= Sunny Amey =

New Zealand theatre director and educator

Sunny Amey (born 1928) is a theatre director and educator born in New Zealand. She worked at the National Theatre of England during its formative years alongside Laurence Olivier, as artistic director of Downstage Theatre in the 1970s and the director of New Zealand's national drama school Toi Whakaari in the late 1980s.

== Background ==
Amey was born in 1928 and grew up in Wellington. She attended Seatoun School and Wellington East Girls' College and then trained as a teacher at Wellington Teachers College.

== Career ==
Amey was a member of Wellington's Unity Theatre in the late 1940s and the 1950s. Other members included Bruce Mason, Nola Millar, Richard Campion and Edith Campion, George Webby, Grant Tilly, and Ann Flannery.

Early on in her career Amey travelled from New Zealand to England twice. Her first trip in the early 1950s included her taking courses in London with Brian Way in children's theatre.
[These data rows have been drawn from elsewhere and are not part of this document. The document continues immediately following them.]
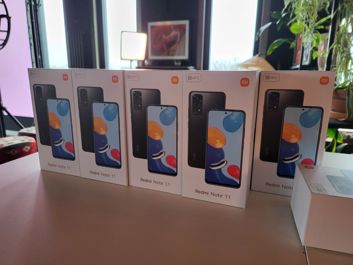 Opakowanie i ładowarka Opakowanie i ładowarka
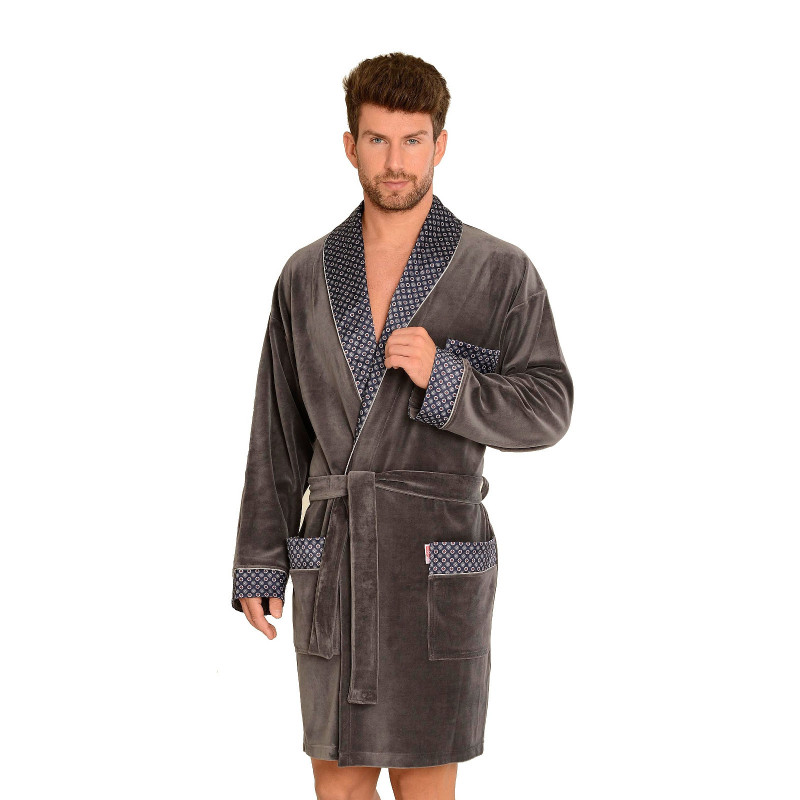 De Lafense bathrobe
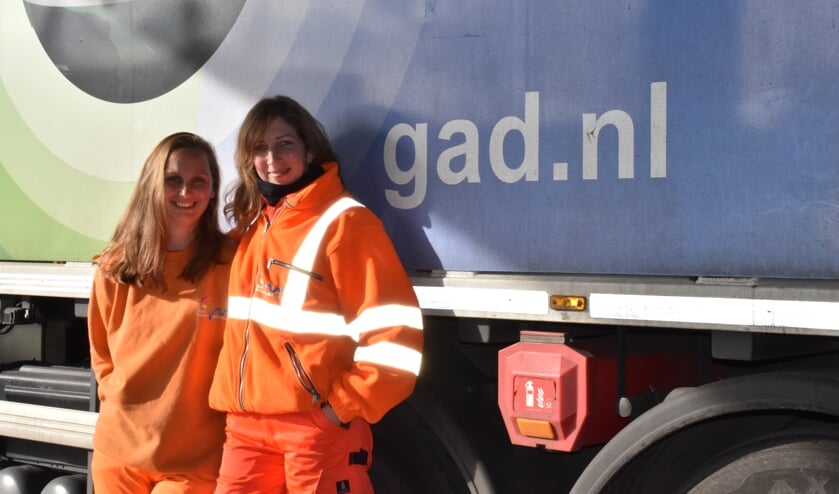 Stefanie en Samantha zijn net terug van hun dienst.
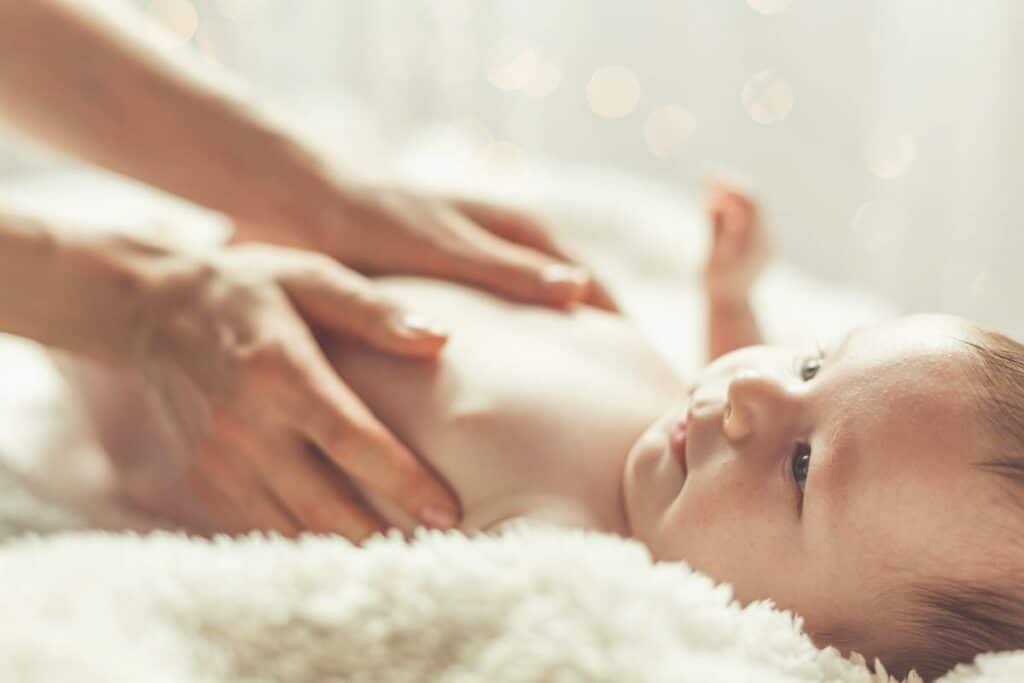 soins pour bébé - massage bébé spa la rochelle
On the second trip, which was funded on a New Zealand Internal Affairs bursary, she ended up working with Laurence Olivier as production assistant on his newly formed Chichester Festival Theatre. She then followed him when he formed the National Theatre Company and worked there in a variety of jobs including assistant director to Olivier, she was repertory manager prior to her departure and she was at the National Theatre for five and half years.

Amey was the director of Downstage Theatre in Wellington from 1970 - 1974, this included the transition from a temporary venue at the Star Boating Club to Downstage's bespoke dinner theatre building the Hannah Playhouse. In her tenure as director Amey programmed a large number of New Zealand plays, something that was not common in New Zealand at the time, with most theatre productions being from English or American playwrights.

After Downstage, Amey took a position of Curriculum Officer for Drama at the Ministry of Education in New Zealand. She was there from 1975 to 1988. During this time in 1984 the New Zealand Association of Drama in Education, now known as Drama New Zealand was formed.

In 1989 Amey became an interim director of Toi Whakaari: New Zealand Drama School and was there until 1991.

Part of Amey's work in theatre was her input, guidance and support of Taki Rua Theatre as it went from a New Zealand focused theatre in the 1980s to a Māori theatre company at the end of the 1990s. She was named as a kaumātua / elder of Taki Rua alongside Tungia Baker, John Tahuparae, Wi Kuki Kaa, Bob Wiki, Rona Bailey and Keri Kaa.

== Notable work ==

- Takitoru (1995). Directors / choreographers: Sunny Amey, Jan Bolwell and Keri Kaa. A combination of haka and the highland fling. Won Production of the Year in the Chapman Tripp Theatre Awards.
- As You Like It (1973). Director. This was the premier production in the new Hannah Playhouse for Downstage Theatre. Set and costume design by Raymond Boyce.